Bild: Nach einem Dopingverdacht wurde Michalina Lisowa kurzfristig für Pyeongc…
Pyeongchang taz | Jeden Tag verschickt das Internationale Paralympische
Komitee Mitteilungen, die das Wachstum seiner Weltspiele belegen sollen.
Mehr Sportler, mehr Nationen, mehr Fernsehzuschauer. Routinemäßig wird auch
eine Notiz über die Erhöhung der Dopingkontrollen unter die Leute gebracht,
bei den aktuellen Winterspielen in Pyeongchang werden es 600 sein, im
Schnitt etwa eine pro Athlet. Jenseits dieser Rekordmeldung offenbart das
IPC allerdings wenig Substanz zum Thema.
Deutlich wird das an der Russin Michalina Lisowa. Die sehbehinderte
Biathletin hatte 2014 in Sotschi sechs Medaillen gewonnen, davon drei in
Gold, bei der Schlussfeier trug sie die Fahne ihres Heimatlandes. Später
tauchte ihr Name im McLaren-Report auf, der das staatlich gestützte
Dopingsystem in Russland analysiert. Demnach sollen vier Urinproben bei
Lisowa den Verdacht der Manipulation nahelegen. Trotzdem wurde sie am
vergangenen Mittwoch kurzfristig für Pyeongchang zugelassen, bei ihrem
ersten Start über sechs Kilometer gewann sie Gold.
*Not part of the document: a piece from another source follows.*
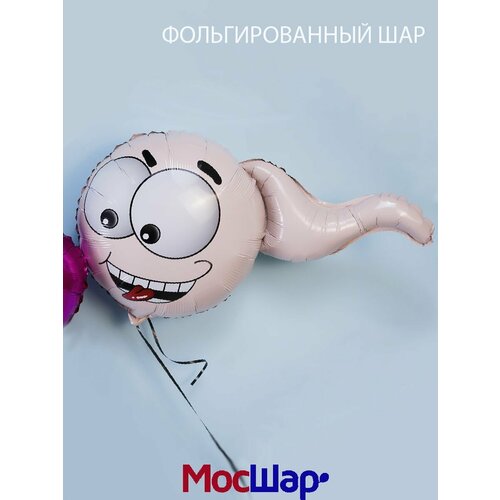 ���� ��������� ���� �� ��������, �������������� 80 �� ������ ������ ������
IPC-Präsident Andrew
Parsons entgegnete der wachsenden Kritik, es gebe unterschiedliche Listen
und nicht jede würde Lisowa belasten: „Wir glauben, dass sie sauber ist.“
„Der paralympische Sport hat seine Unschuld verloren, die Auswirkungen sind
gravierend“, sagte Ole Schröder, parlamentarischer Staatssekretär im
Bundesinnenministerium, in Pyeongchang. „Der paralympische Sport hat lange
nicht nur über Nulltoleranzpolitik gesprochen, sondern sie auch gelebt.“
Nach Bekanntwerden des Dopingsystems war das IPC zunächst auf Distanz zum
Internationalen Olympischen Komitee gegangen und schloss Russland für die
Sommerspiele 2016 komplett aus. Ole Schröder beschreibt eine Wahrnehmung,
die damals viele teilten: „Die Paralympics haben die olympische Bewegung
quasi mit gerettet.“
Doch dieser Eindruck hat sich hinter den Kulissen schon früh als einseitig
erwiesen. Zwischen 2012 und 2015 waren 643 positive Proben verschwunden, um
russische Athleten zu schützen, darunter 35 Proben aus dem paralympischen
Sport. Später stellte sich heraus, dass 18 Proben von Medaillensiegern
manipuliert waren. Während etliche olympische Sportler gesperrt und deren
Medaillen aberkannt wurden, gab es im IPC keine „ernsthafte Debatte“, sagt
Karl Quade, seit 1996 Chef de Mission der deutschen Paralympier. „Wir
wünschen uns Transparenz darüber, ob das russische Antidopingsystem
inzwischen einen gewissen Standard erfüllt. Doch Informationen gibt es
kaum.“
Bei der Generalversammlung des Internationalen Paralympischen Komitees im
vergangenen September in Abu Dhabi war Karl Quade der einzige Bühnenredner,
der die Themen Doping und Integrität vor den Delegierten ausführlich und
kritisch ansprach. Quade gilt als sachlicher und gut vernetzter Fachmann in
der Branche, trotzdem scheiterte er bei der Wahl ins Governing Board, das
mit 15 Mitgliedern höchstrangige Gremium des IPC.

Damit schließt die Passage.